Das Gemälde des Malers Poosch bringt den Hochgebirgskrieg dramatisch in Erinnerung, der von 1915 bis 1918 an einer 600 km langen Front im Süden des Alpenbogens tobte. Die Gebirgstruppen beider Seiten waren Opfer einer schon damals veralteten Strategie, die Grenzen auf den Bergen und nicht im Tal zu verteidigen. Die meisten Soldaten starben nicht durch feindliche Angriffe, sondern durch Lawinen, Steinschlag, Hunger und Infektionskrankheiten.
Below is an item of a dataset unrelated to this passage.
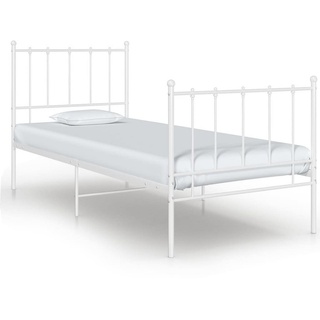 vidaXL Bett Bett Weiß Metall 100x200 cm weiß 200 cm x 100 cm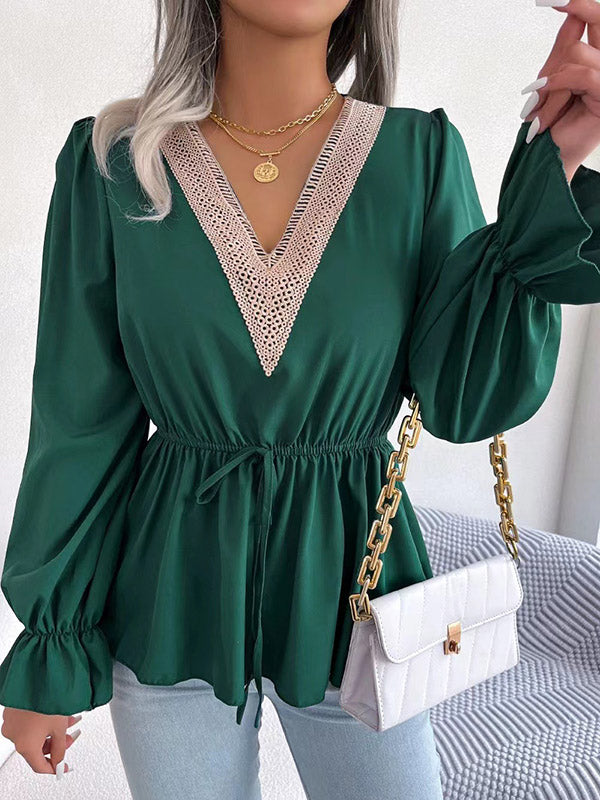 Drawstring Elasticity Split-Joint Flared Sleeves Long Sleeves V-Neck Blouses&Shirts Tops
Der schlimmste Winter war der von 1916/17 – also genau vor hundert Jahren. Es kam zu der wohl verheerendsten Lawinenkatastrophe in der Geschichte Europas. Jüngsten Schätzungen zufolge kamen bis zu 5.000 Menschen in einer „Sturzflut aus Schnee“ ums Leben – der Großteil davon österreichisch-ungarische und italienische Soldaten. Und das zu einer Zeit, in der die Menschen ohnedies einen Krieg gegen die Mächte der Natur zu führen hatten.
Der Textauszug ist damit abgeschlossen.